Tuesday, April 12, 2016

New Painting; Polar Bear


First layer of color on new painting
I have begun a new painting; the first in a very long time. It's a simple painting set up mostly to be non threatening, non intimidating and fairly easy. It's the first in what I'm going to call my Stepping Stone series, a series of new paintings designed to resurrect my failed artistic confidence and get me enthusiastic, confident and prolific once again. 

A famous artist once said (and I'm paraphrasing) "Behind every masterful artist are a lot of failures". That quote has stuck with me as I've struggled to get back into the game. I briefly considered calling new paintings "failures", but that seemed self defeating. Why declare a work of art a failure before it's even begun? Why bother putting much effort into it if it's destined to be a failure anyway? So, I've settled on considering them stepping stones on the path forward that I'm building for myself.  

Back to that new painting. Some time ago I bought a rather large plastic polar bear at Michaels, intending to use it as a model some day. It seemed like a good place to start with the first stepping stone in my series, a rather easy form to draw as compared to a horse or wolf or human. Stacking a couple of boxes of appropriate size, I set up a still life stand on top of a tray table next to my easel, covered the boxes with a bath towel and placed the polar bear on top, choosing a pleasing angle for his "portrait". 

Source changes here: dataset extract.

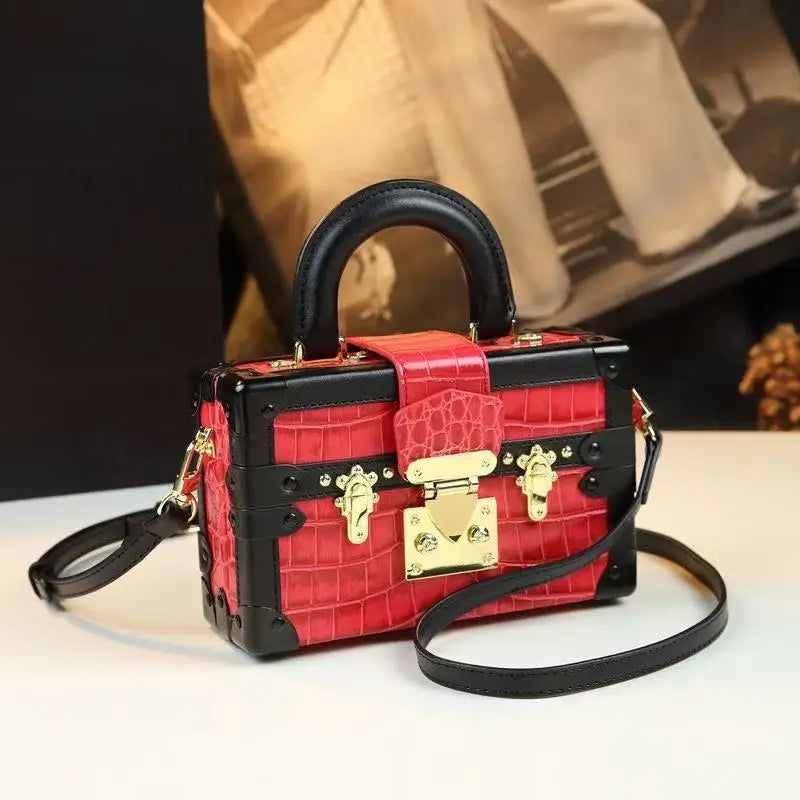Luxury Brand New Handbag Gradient Color Leather Lizard Pattern Crossbody Box Bags for Women Sac À Main Femme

Envisioning an arctic scene, I toned an 8x10 inch canvas board with thinned Naples Yellow and proceeded to draw the bear directly on the canvas with a brush. The first attempt didn't look quite in proper proportion, so I made some adjustments, painting over the wrong lines and made new ones.

The result looked better, but I wanted to check my accuracy so I did a little trick with the computer. Seated at the easel, I took a photograph of the painting and then took another one of my still life setup being sure to frame the polar bear in the viewer just as it was on the canvas. Next I brought the painting into Photoshop and imported the still life photo on top of it in a new layer. By reducing the opacity of the layer, I could see the painting underneath and just had to move the layer around a bit so that the two bears overlapped nose tip to rump tip. I was dismayed to see that the drawing was still off in some areas although the body length was spot on. 
Drawing with reference superimposed to check for accuracy

I immediately beat myself up for not getting the drawing exactly right and fell into deep despair. Fortunately at that point my Nurturing Parent stepped in to to say, "Wait a minute here, Bucko! Don't be such a perfectionist! Remember, you haven't done very much drawing from life (or still life) since art school 30 years ago. Yes, Yes, we need to do more of this and up our skills at drawing accurately. But for now cut yourself some slack."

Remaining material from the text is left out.